**TASK BRIEF**
Skip every picture. Print each line from the one containing "Illustration salvage - Image 1" through the end of the records below, word for word.

(Web page caption snippets)
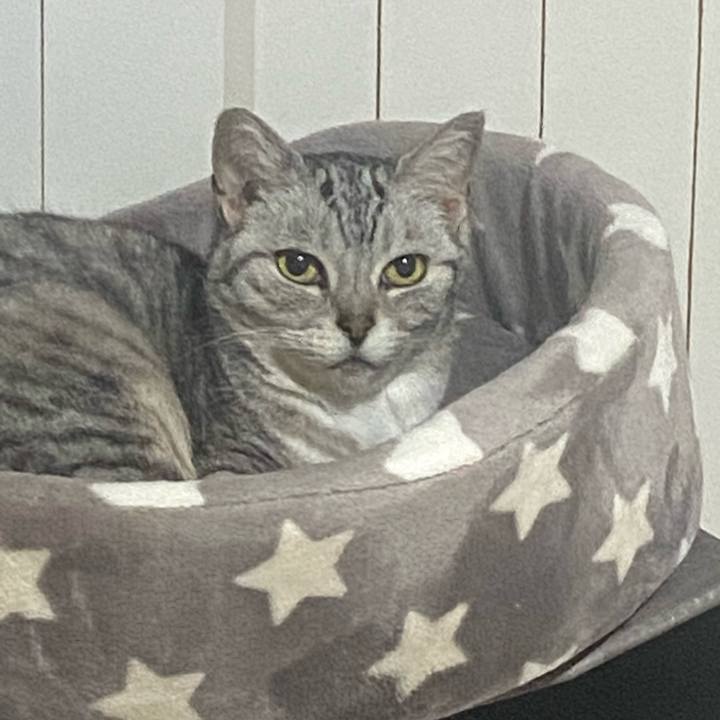 2b4245c0 c1d6 4a19 8c67 2d3f01ae3c21 1748793041944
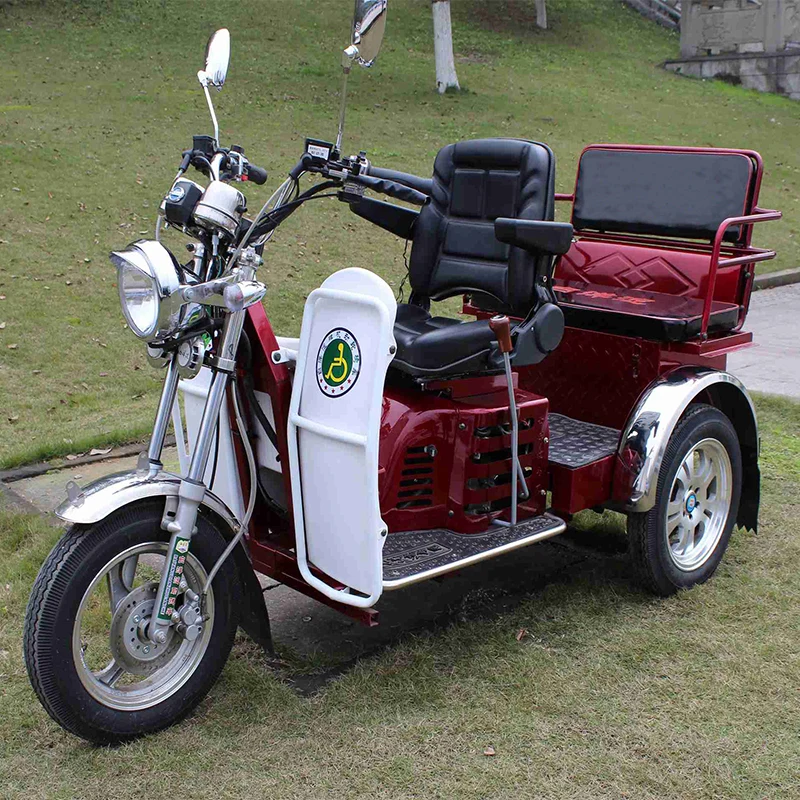 New Red Two Seater Tricycle Two Person diesel Three Wheeler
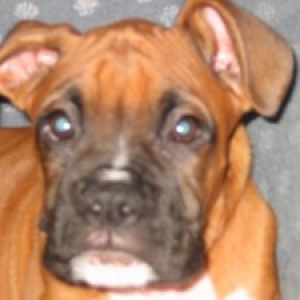Tyson close up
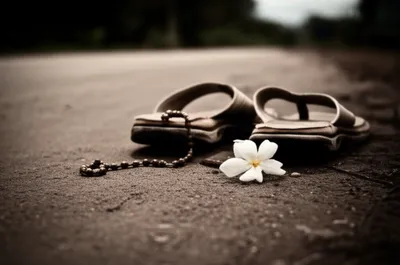 Illustration salvage - Image 1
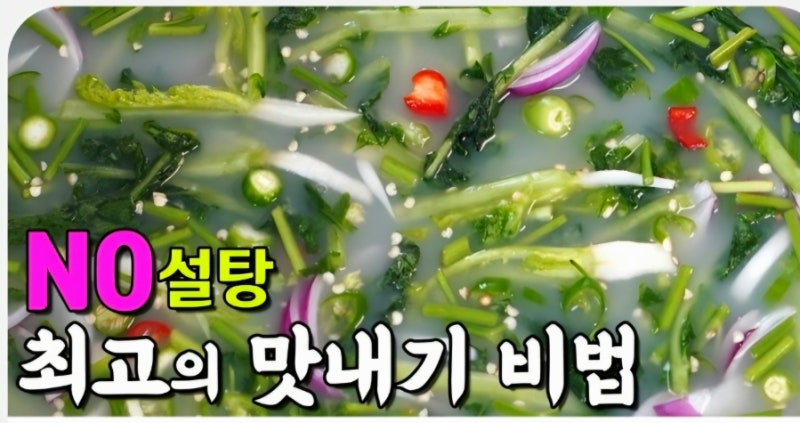 열무물김치 담그는 법, 보리밥 풀국으로 국물까지 시원한 황금레시피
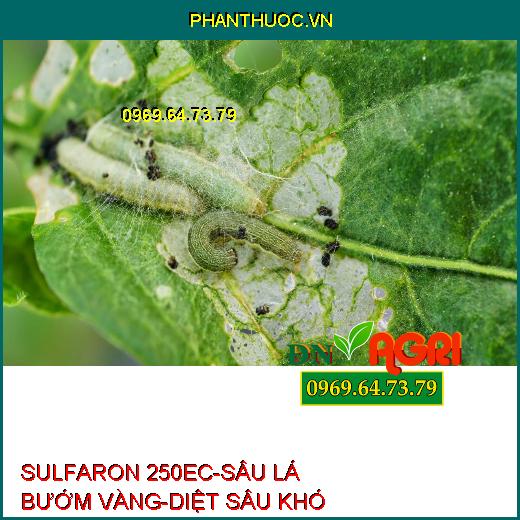 SULFARON 250EC-SÂU LÁ BƯỚM VÀNG-DIỆT SÂU KHÓ TRỊ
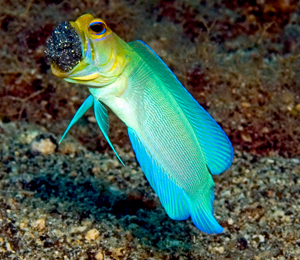 Yellowhead Jawfish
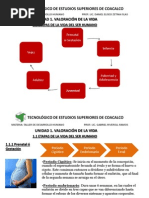 Etapas de La Vida Del Ser Humano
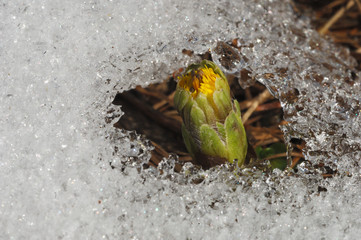 coltfoot, Tulissago farfara,  flower appear from the snow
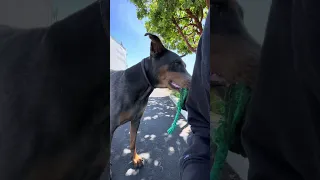 #fypシ #dream #pets #doberman #Fyp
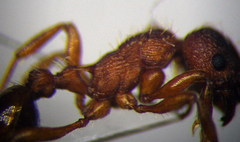 Myrmica curvithorax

**RESULT OF THE EXERCISE**
 Illustration salvage - Image 1
 열무물김치 담그는 법, 보리밥 풀국으로 국물까지 시원한 황금레시피
 SULFARON 250EC-SÂU LÁ BƯỚM VÀNG-DIỆT SÂU KHÓ TRỊ
 Yellowhead Jawfish
 Etapas de La Vida Del Ser Humano
 coltfoot, Tulissago farfara,  flower appear from the snow
 #fypシ #dream #pets #doberman #Fyp
 Myrmica curvithorax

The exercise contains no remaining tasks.